Synthetic data generation for the optimization of strains in metabolic engineering using generative adversarial networks
M.W. Jarosz (TU Delft - Electrical Engineering, Mathematics and Computer Science)
Thomas Abeel – Mentor (TU Delft - Pattern Recognition and Bioinformatics)
P.H. van Lent – Mentor (TU Delft - Pattern Recognition and Bioinformatics)

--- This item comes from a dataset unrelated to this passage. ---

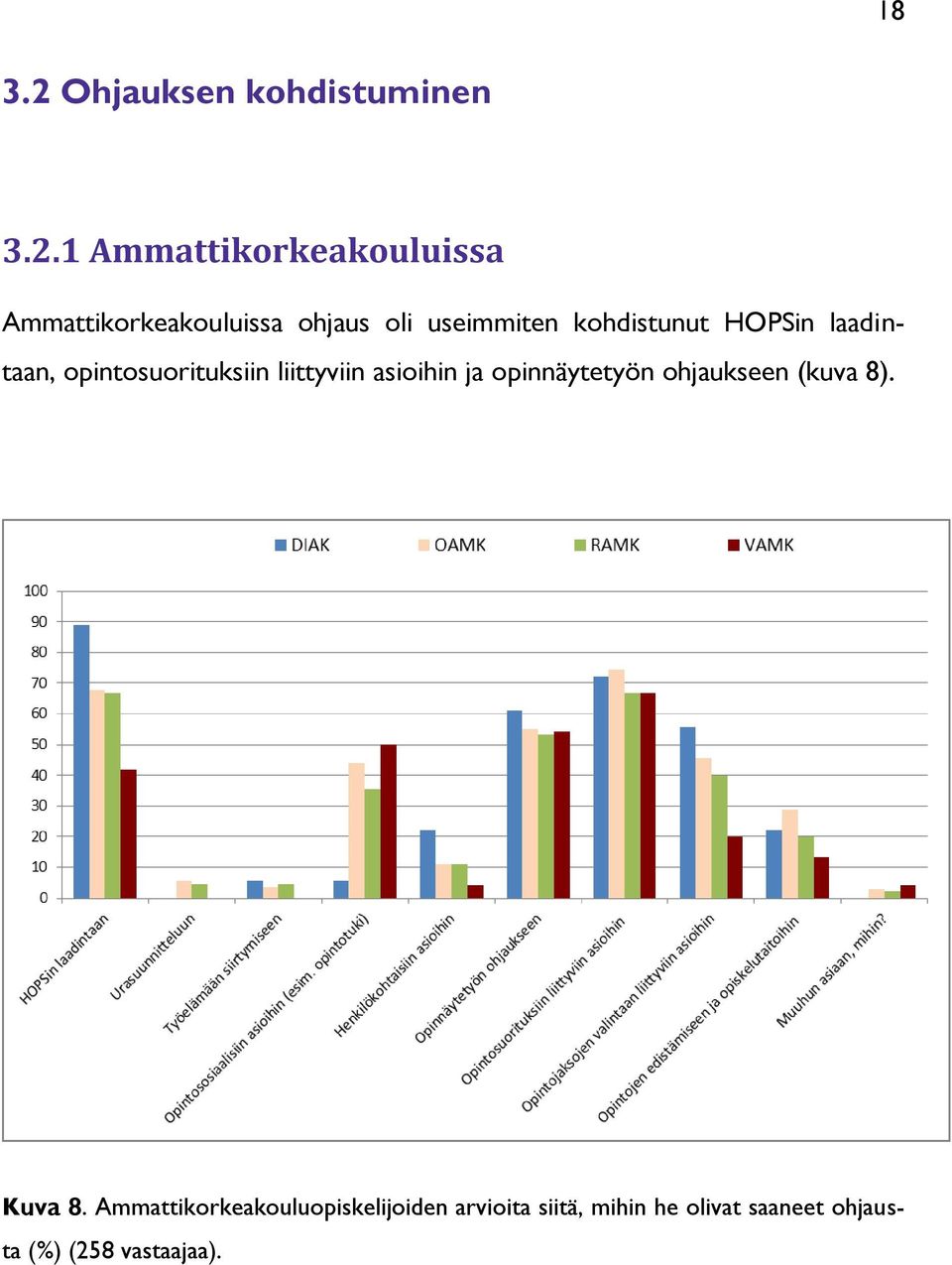 1 Ammattikorkeakouluissa Ammattikorkeakouluissa ohjaus oli useimmiten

Alan Hanjalic – Graduation committee member (TU Delft - Intelligent Systems)
More Info
expand_more
Other than for strictly personal use, it is not permitted to download, forward or distribute the text or part of it, without the consent of the author(s) and/or copyright holder(s), unless the work is under an open content license such as Creative Commons.
Abstract
This research investigates the application of Generative Adversarial Networks (GANs) and probabilistic Principal Component Analysis (PPCA) in generating synthetic data for pathway optimization in metabolic engineering. The study aims to compare the performance of these generative models, addressing key questions regarding their utilization, the quality of generated data compared to experimental data, and overall efficiency. The dataset comprises 5000 parameter configurations of kinetic models that simulate a hypothetical pathway. Constructing kinetic models traditionally involves obtaining complex scientific knowledge, a process that may be alleviated through a data-driven approach. Results indicate that both models, tried with different sizes of latent space, demonstrate good performance in modeling the underlying latent space of the data. However, GANs with the right set of parameters exhibit a better performance, evidenced by lower KL divergence and superior visual structure in the generated data. The findings highlight the potential of GANs to outperform probabilistic PCA, offering valuable insights for more cost-effective and streamlined strain optimization in metabolic engineering. Overall, this research advocates for further investigation of GANs capabilities in metabolic engineering as a potentially powerful tool for synthetic data generation.